* **ACTION ITEM**:
Reproduce the lines from the one holding "this 600×600 image." to the end of the entries. Include both ends and change nothing.

START EXERCISE MATERIAL

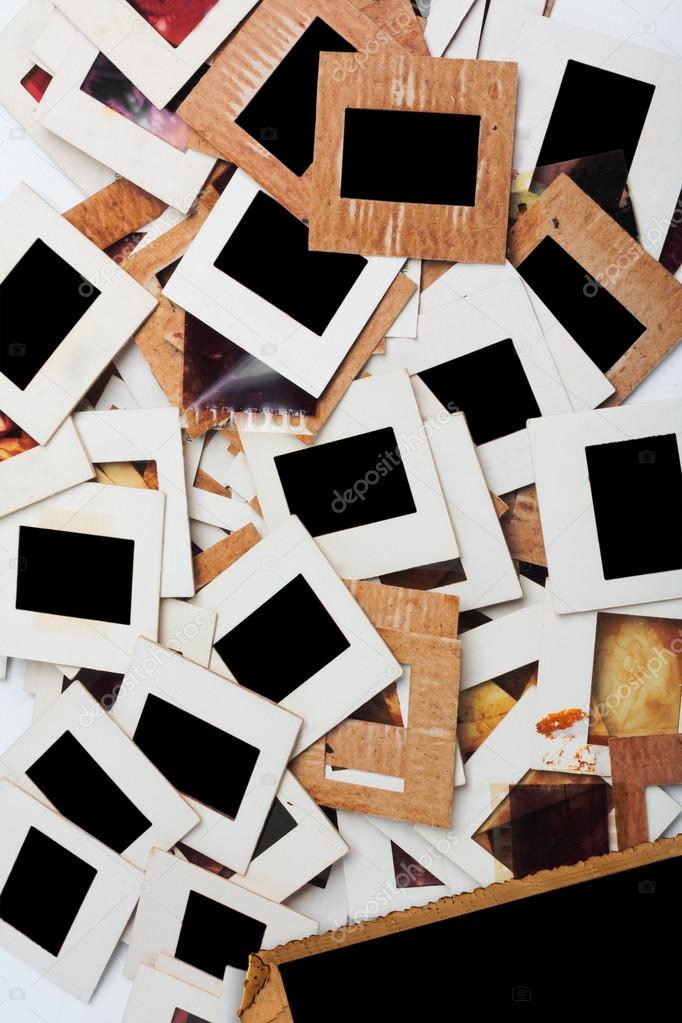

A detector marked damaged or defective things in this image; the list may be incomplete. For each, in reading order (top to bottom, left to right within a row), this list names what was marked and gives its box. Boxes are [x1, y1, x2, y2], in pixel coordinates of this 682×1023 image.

torn cardboard edge [177, 0, 411, 221]
torn cardboard edge [308, 52, 517, 261]
torn cardboard edge [507, 173, 682, 405]
torn cardboard edge [290, 581, 462, 826]
torn cardboard edge [239, 834, 682, 1018]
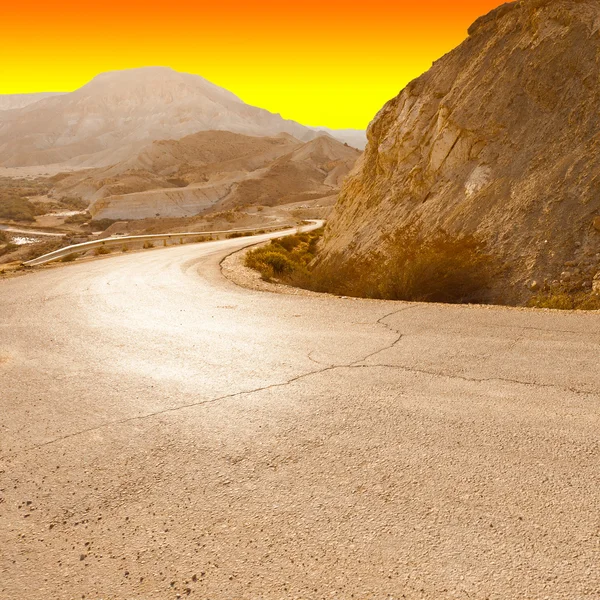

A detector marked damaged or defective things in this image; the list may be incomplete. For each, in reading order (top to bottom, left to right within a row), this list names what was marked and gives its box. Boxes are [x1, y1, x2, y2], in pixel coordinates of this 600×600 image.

cracked road surface [1, 231, 600, 600]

END EXERCISE MATERIAL

* **ANSWER SECTION**:
A detector marked damaged or defective things in this image; the list may be incomplete. For each, in reading order (top to bottom, left to right within a row), this list names what was marked and gives its box. Boxes are [x1, y1, x2, y2], in pixel coordinates of this 600×600 image.

cracked road surface [1, 231, 600, 600]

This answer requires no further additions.